Market experts at Dataforce examined German corporate car fleets with more than 100 vehicles. A key finding of the “Dataforce 100+ Car Study” is that the majority of fleet managers for large fleets plan to maintain or increase their fleet sizes.

Dataforce collected its data using a two-stage approach. First, guideline-based interviews were conducted with 14 fleet managers to qualitatively capture key questions and challenges. Based on these insights, a follow-up survey of 50 additional managers in the sector was carried out to quantify and validate the findings. Dataforce states that the study’s focus was on the biggest pain points in large car fleets, the organisational structure of fleet management, and other central aspects of daily practice.

In this two-stage survey, 90 per cent of fleet managers indicated that they aim to maintain their fleet at least at its current level. For 55 per cent of respondents, the fleet is expected to remain roughly the same, while 35 per cent anticipate explicit growth. “The primary driver of this trend is ongoing corporate growth: as the number of employees increases, so does the need—and the desire—to reliably ensure mobility,” explains Dataforce. “Additionally, longer vehicle retention periods help stabilise fleet sizes overall and avoid short-term fluctuations.” Reductions in vehicle numbers are mainly expected where companies are undergoing structural downsizing, as fewer employees require fewer vehicles.

The majority of fleet vehicles are personally assigned company cars, rather than pool vehicles. “In an increasingly competitive labour market, the company car remains an essential tool for attracting and retaining skilled workers,” the announcement states.

These company cars are increasingly going electric—partly due to the tax advantages of company car taxation. Alongside tax benefits, key objectives in fleet organisation mentioned by fleet managers include sustainability (“By 2030, all cars should be electric—that is our goal”) and corporate image (“It is up to date to say: I drive an electric car”).

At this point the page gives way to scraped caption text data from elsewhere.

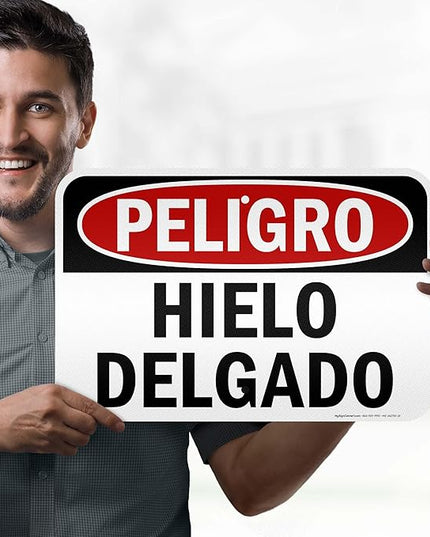 Danger Thin Ice Spanish Sign, 12x18 Inches, 3M EGP Reflective .063 Aluminum, Fade Resistant, Made in USA by My Sign Center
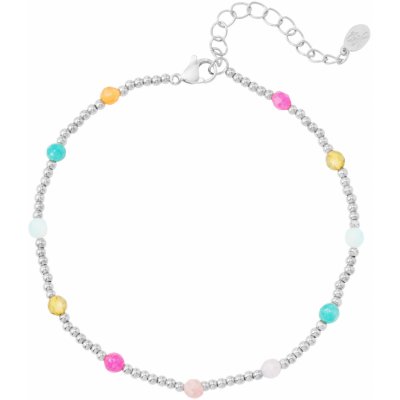 Ornamenti náramek na kotník Coloured beads silver OOR150025 – Zboží Dáma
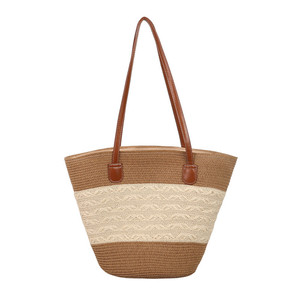 Bolso Tote de Diseño Texturizado Minimalista Casual para Mujer, Bolso de Hombro de Gran Capacidad, Estilo Veraniego, Bolso de <span class=keywords><strong>Playa</strong></span> de Paja - Product Image 6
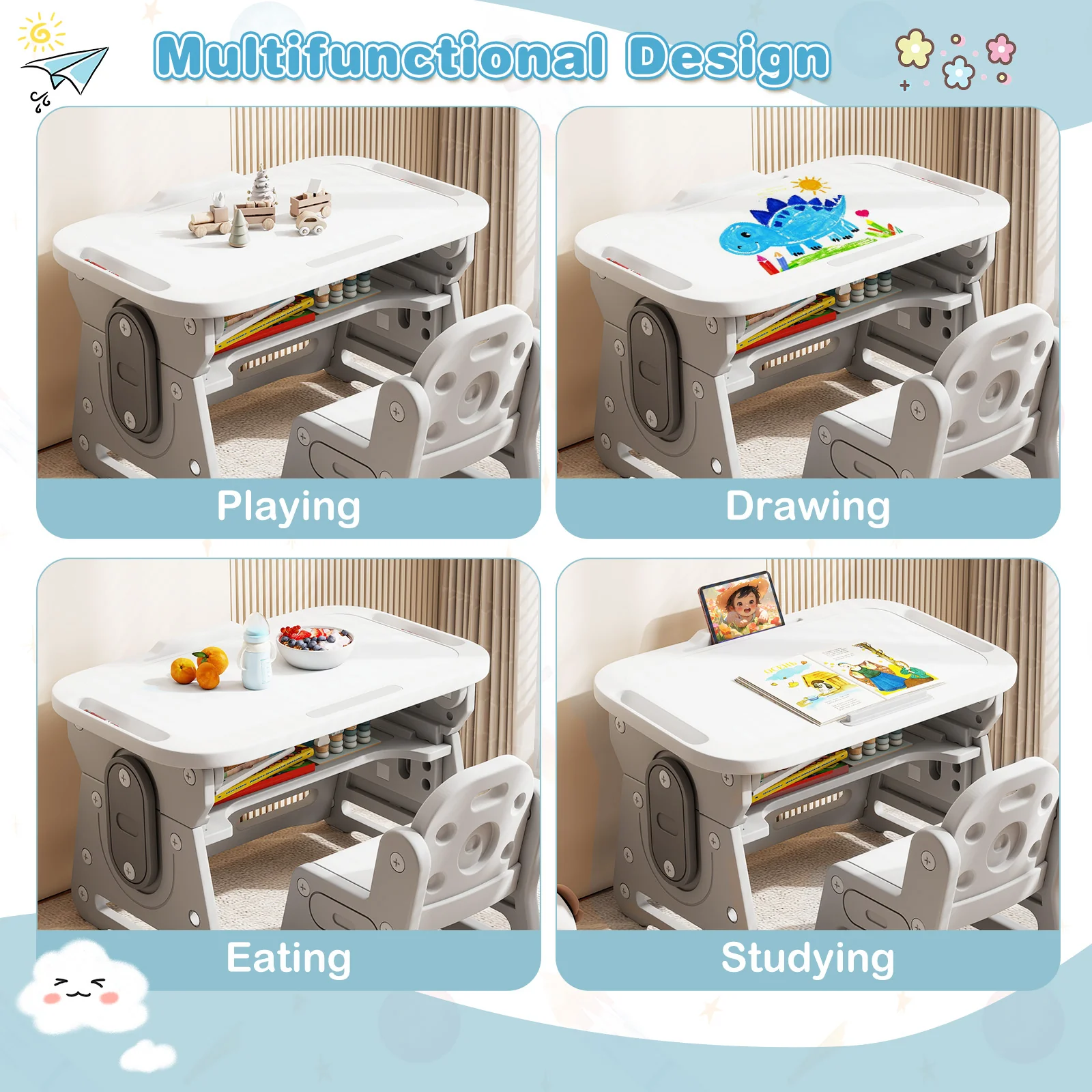 Adjustable Kids Table Chair Set, Tiltable Whiteboard, Concave Shelf, Gray - Image 9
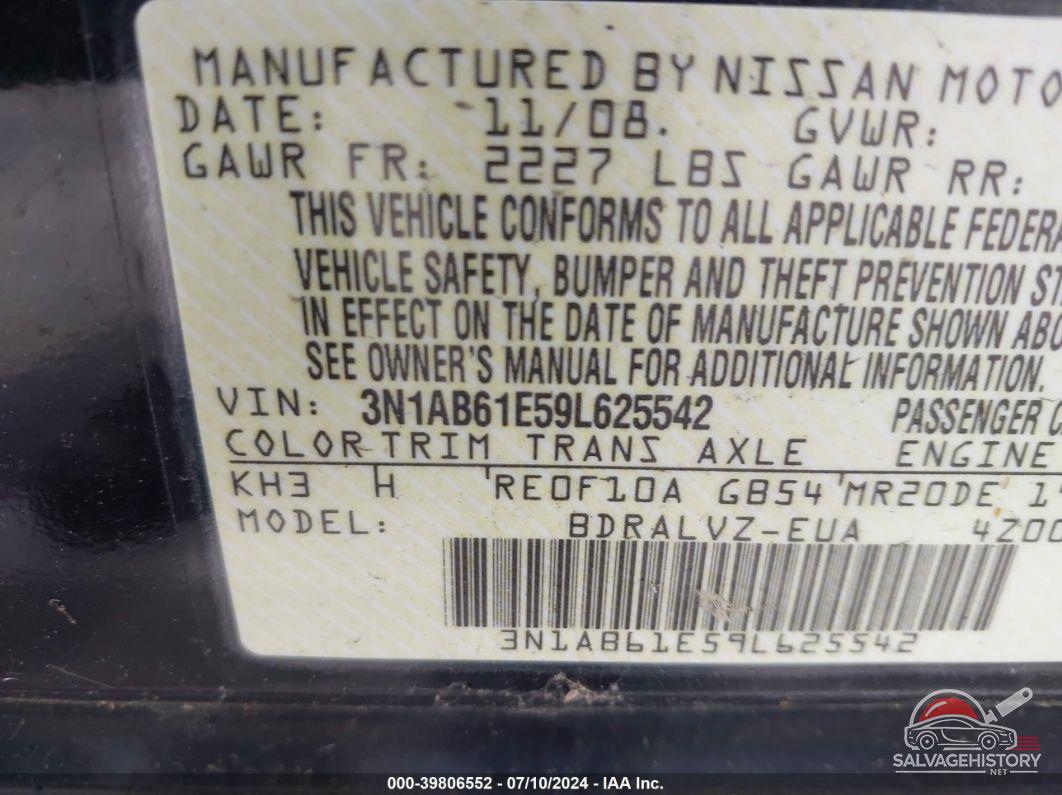 3N1AB61E59L625542 2009 NISSAN SENTRA photo no. 9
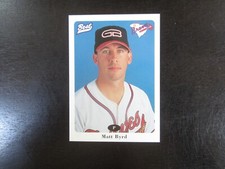1996 Best Greenville Braves # 8 Matt Byrd Card (B60) Atlanta Braves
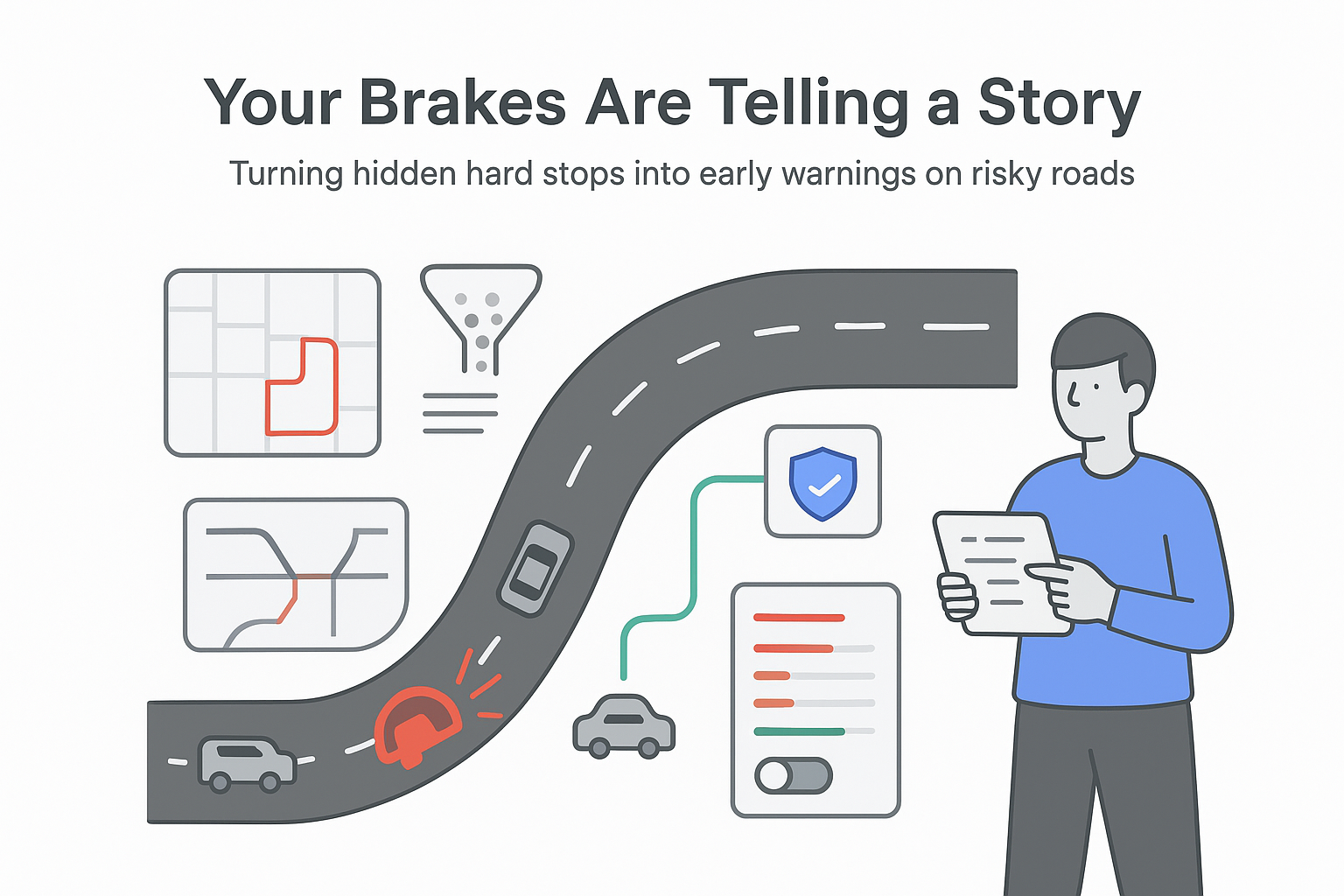 Minimalist tech illustration of road with cars showing hard braking and risk analytics dashboard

At the same time, fleet managers identified electrification as the biggest challenge, accounting for 69 per cent of responses. The issue is not the switch to electric cars itself, but rather the practical hurdles that did not exist with internal combustion engine vehicles, though these are not insurmountable. Key concerns include “insufficient charging infrastructure, particularly at employees’ homes” and the “complex organisation of home charging”. For example, charging electricity in home garages in Germany can no longer be reimbursed on a flat-rate basis; it must now be accounted for per kilowatt-hour. Dataforce notes that these factors are compounded by classic uncertainties and reservations, such as range concerns on the part of fleet managers and company car drivers.

Ranking second among the biggest hurdles, at 49 per cent, are the costs of vehicle procurement. Rising vehicle prices and leasing rates make acquisition more challenging—not just for electric cars, but across the board. This situation may improve in the future, as new electric cars have now reached the price level of many plug-in hybrids, and manufacturers are also introducing more affordable models. In recent years, the purchase prices of electric cars were often significantly higher than those of internal combustion engine vehicles and hybrids, a reality even large customers with volume discounts felt. Dataforce observes that many managers report that it is becoming increasingly difficult to find suitable models within the budget limits set by car policies.

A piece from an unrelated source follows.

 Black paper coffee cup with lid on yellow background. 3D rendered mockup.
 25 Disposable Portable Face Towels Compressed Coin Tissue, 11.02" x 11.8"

Incidentally, the third-largest pain point for fleet managers, at 47 per cent, is digitalisation—or rather, the lack of its implementation. Common complaints include media disruptions, such as when documents must be printed, signed, and then scanned back in. “A driver app for reporting damage and defects would be useful; today, this is handled via editable PDFs sent via intranet or email,” was one piece of feedback from the discussions with fleet managers.

When it comes to procurement, most large fleets work with multiple sources for their vehicles. For example, 90 per cent have a framework agreement with a manufacturer, 51 per cent additionally with an independent leasing company, and 41 per cent with a manufacturer-dependent leasing company. Another 41 per cent primarily work with local dealers, while only 12 per cent procure their vehicles through Europe-wide tenders. The significant framework agreements and long-standing relationships initially pose a challenge for existing competitors and new market entrants. “At the same time, discussions with large car fleets show that opportunities continuously arise: fleets are in a constant state of flux—whether at an operational-structural level or in terms of the vehicle fleet itself,” Dataforce summarises. “This dynamic repeatedly opens up opportunities for new customer acquisition but also carries the risk of losing existing customer relationships.”

One thing is clear: a competitive price may open doors, but it is no guarantee of securing a deal or a new multi-year framework agreement. “To win over fleet customers in the long term, seamless collaboration processes are essential. Quick, professional, and competent support is particularly crucial,” reports Dataforce from the discussions. “Many fleets report breakdowns in long-standing business relationships arising from seemingly minor issues—such as technical errors, discrepancies in defect assessments, or support perceived as inattentive and too slow.”